**GOAL OF THE EXERCISE**
Find the line with "Audi A4 B5 Avant" in the entries below, then output every line from it down to the line with "Mappa della impresa", exactly and with no pictures.

**SOURCE DATA**
*** Begin section ***
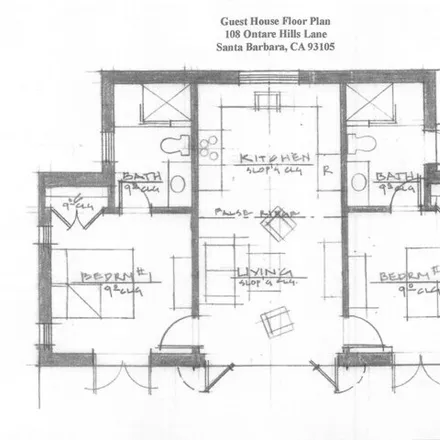 Image 9 - 108 North Ontare Road, Santa Barbara, CA 93105, USA - House for rent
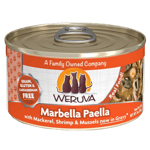 WeRuVa WeRuVa 貓罐頭 主食罐 野生鯖魚海蝦及魷魚青口 85g 85g  正面圖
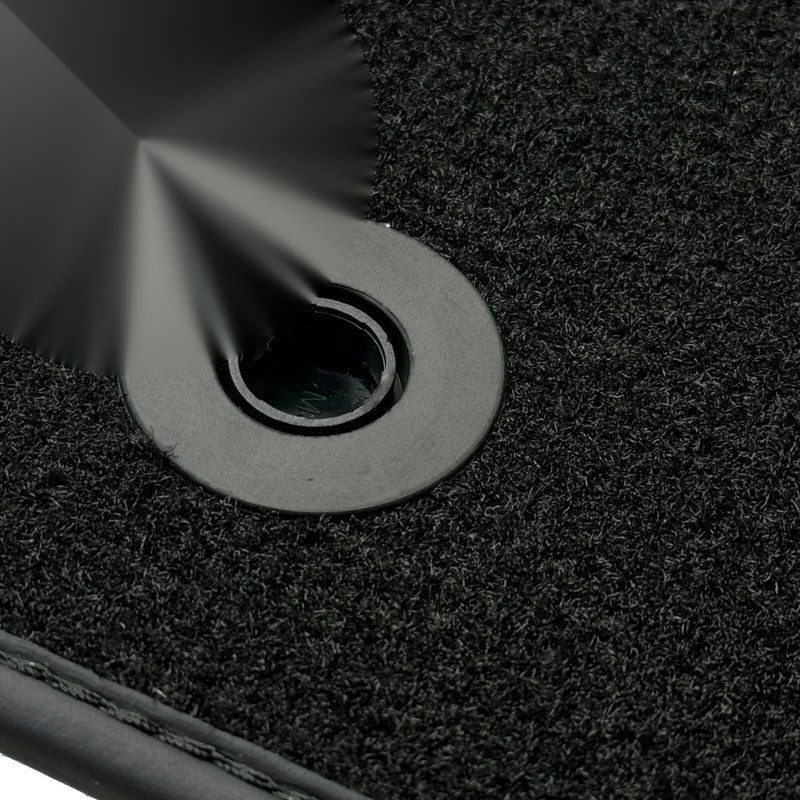 Audi A4 B5 Avant (1996-1999) with Carbon - 2 x Mats Black Floor Mats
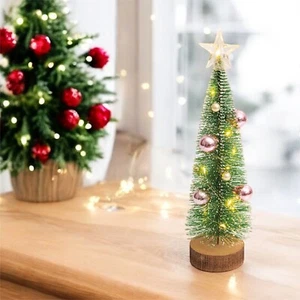 Lightup Mini Christmas Tree Battery Powered Home Decoration Christmas Ornament - Picture 1 of 7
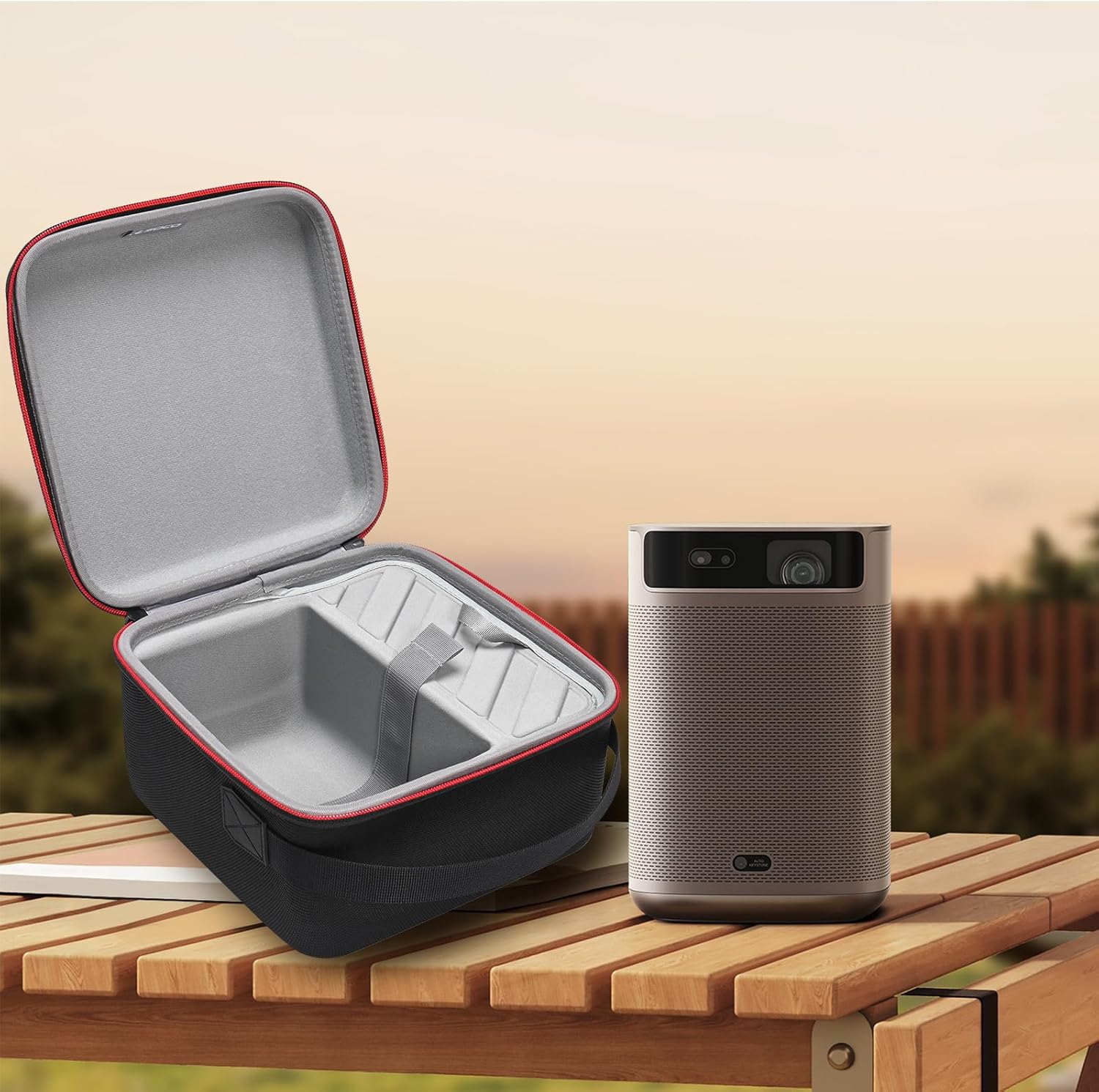 RLSOCO Funda de transporte para proyector portátil XGII oGo 2 ini
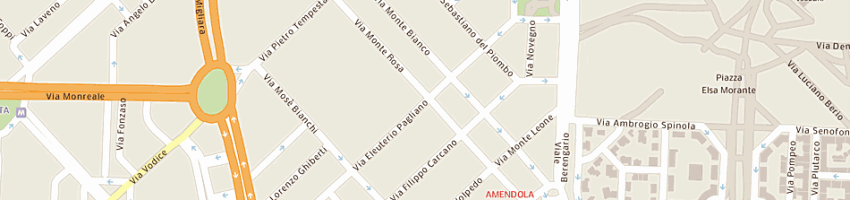 Mappa della impresa onsite costruzioni srl a MILANO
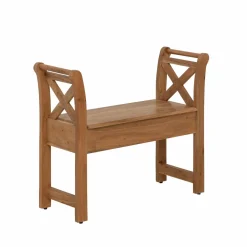 Made in Meubles Banc<Petit banc en bois d'acacia Isolde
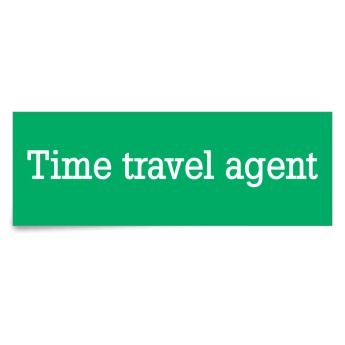 Time travel agent sticker - Custom Stickers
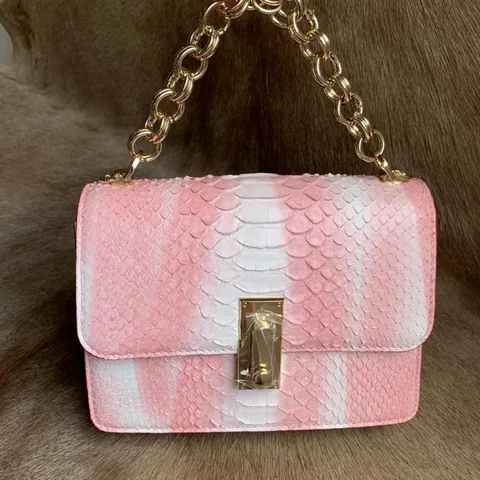Python Skin Handbag China Manufacturer XFPPB12057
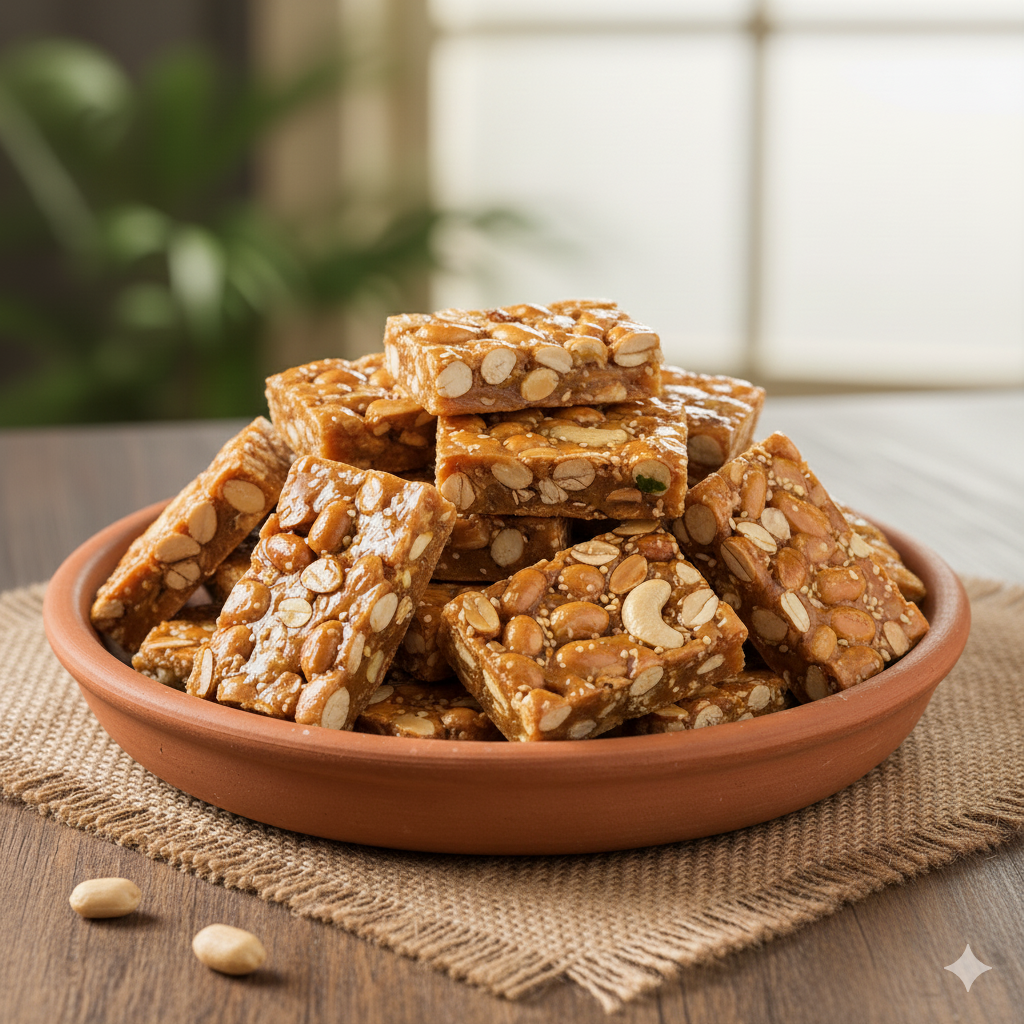 Peanut Jaggery Chikki (100gm)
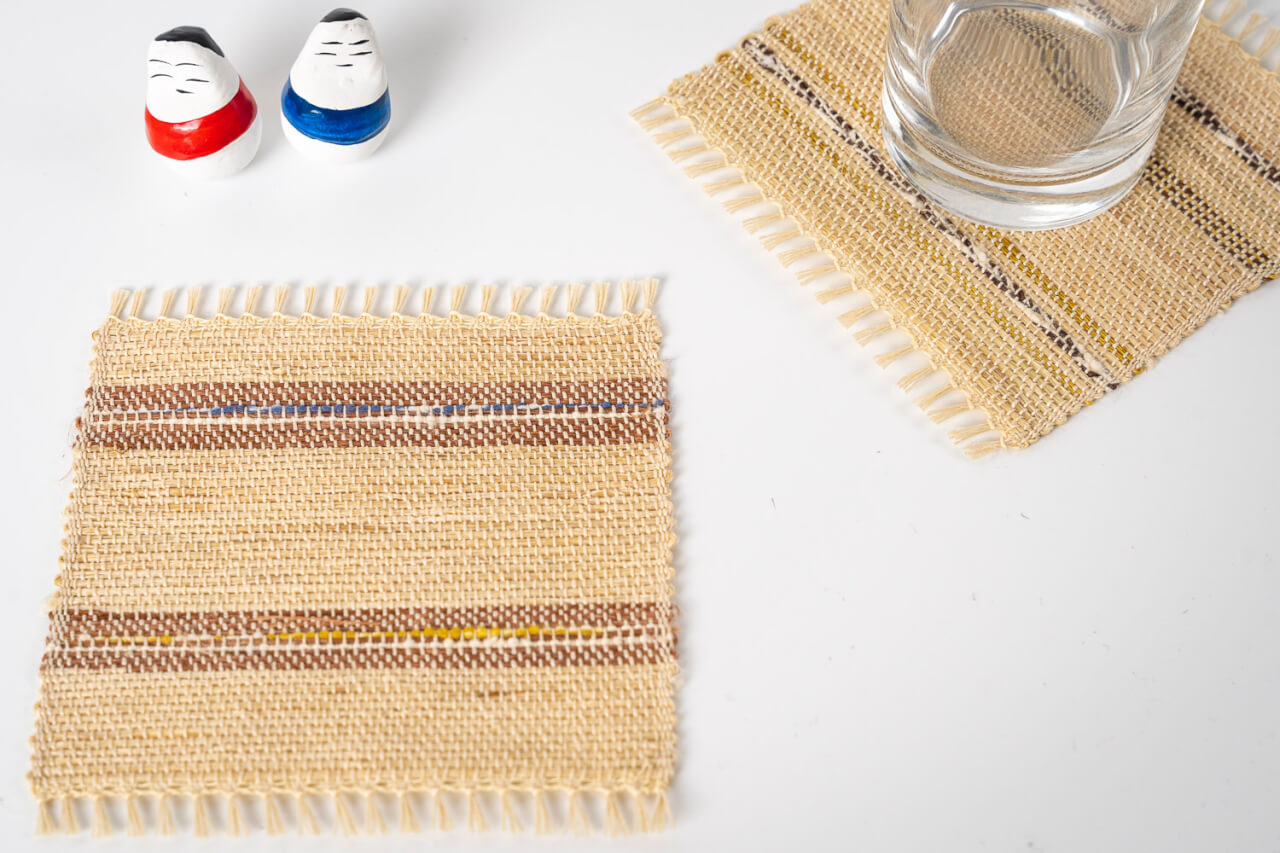 からむしコースター 柄 - 画像 (4)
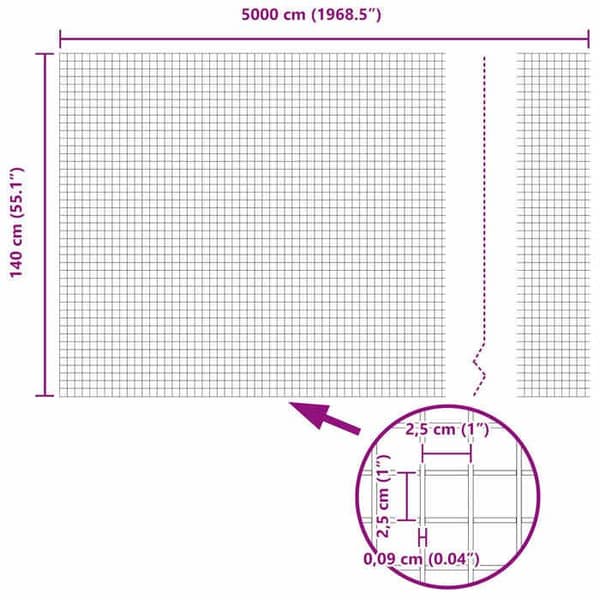 vidaXL Stängsel i svetsad tråd Grön 42005116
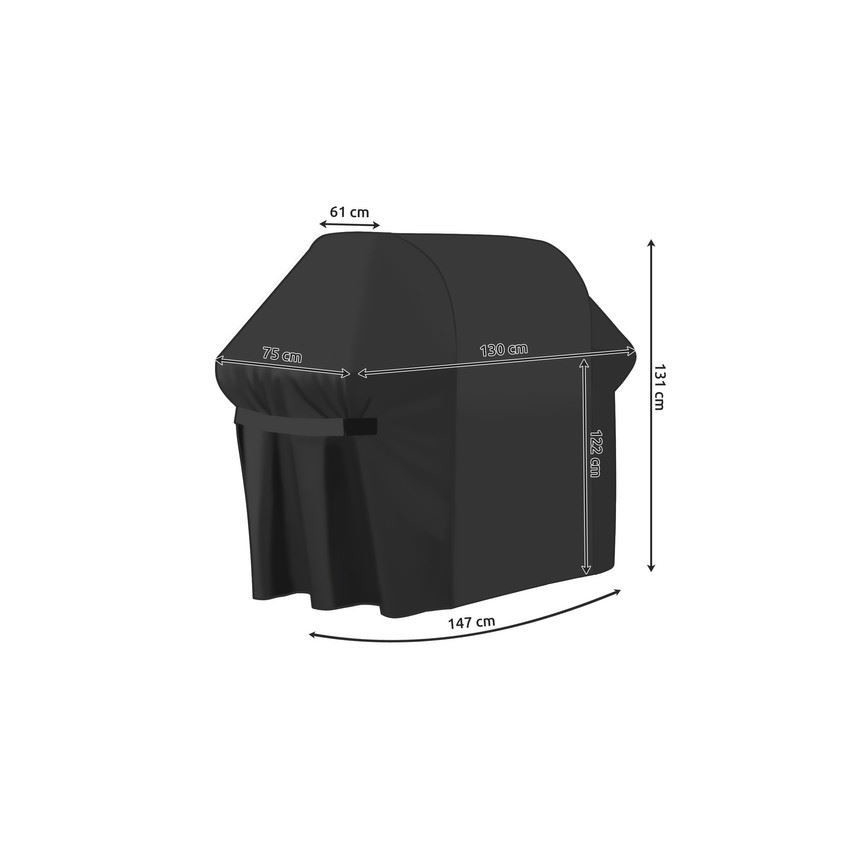 Pokrowiec na grill ogrodowy 131x130x75 cm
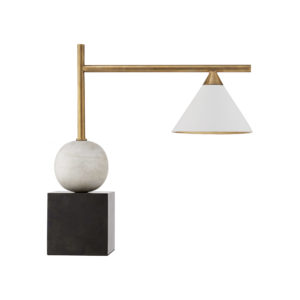 Cleo Desk Lamp (Bronze and Brass)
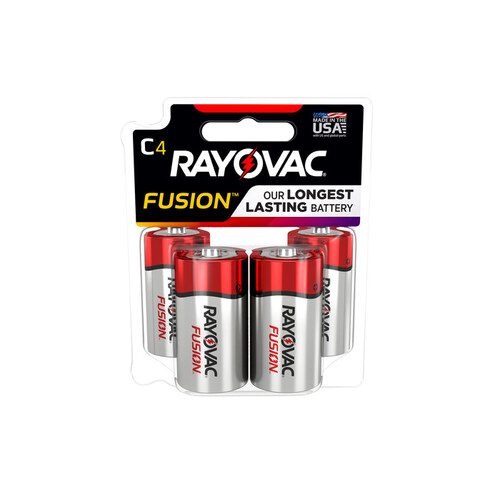 Rayovac 814-4TFUSK 814 Standard Battery - Single Use Alkaline C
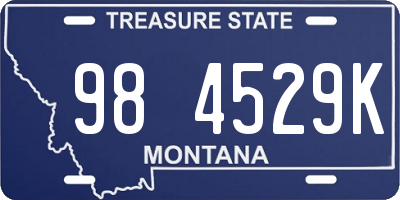 MT license plate 984529K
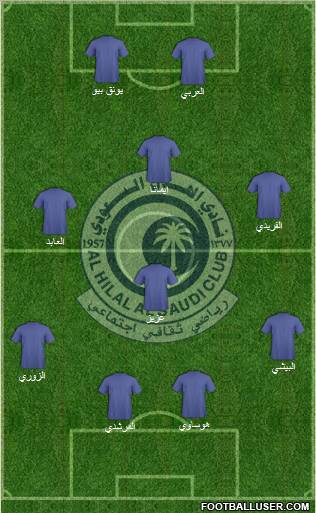 Al-Hilal (KSA) Formation 2011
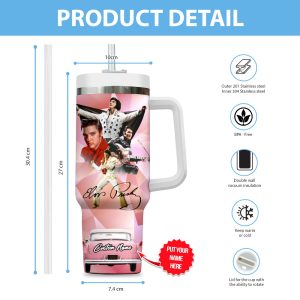 Personalized Elvis Presley 40oz Stanley Tumbler - TANTN 6004
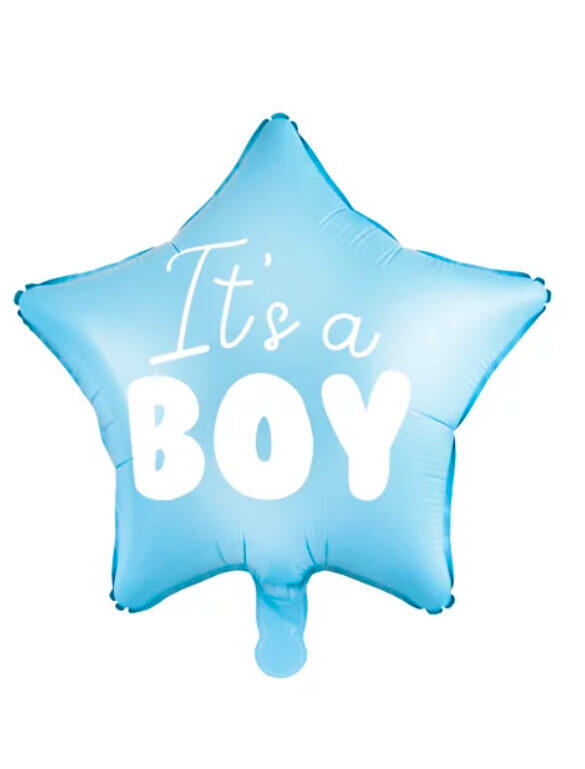 Фольгированный шарик звезда «It's a Boy» 48 см PartyDeco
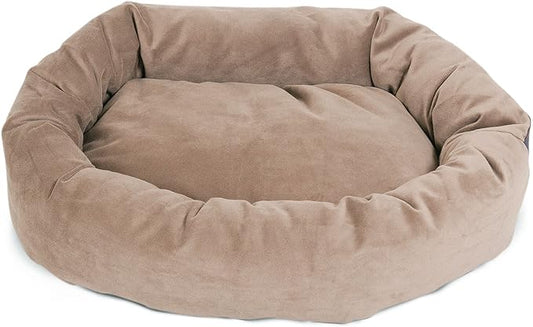 Majestic Pet Villa 32 Inch Shredded Memory Foam Dog Bed for Medium Sized Dog 32x23x7 Inch–Orthopedic Pet Bed - Washable Medium Puppy Mat with Head Support-Fern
*** End section ***
**PROBLEM SOLUTION**
 Audi A4 B5 Avant (1996-1999) with Carbon - 2 x Mats Black Floor Mats
 Lightup Mini Christmas Tree Battery Powered Home Decoration Christmas Ornament - Picture 1 of 7
 RLSOCO Funda de transporte para proyector portátil XGII oGo 2 ini
 Mappa della impresa onsite costruzioni srl a MILANO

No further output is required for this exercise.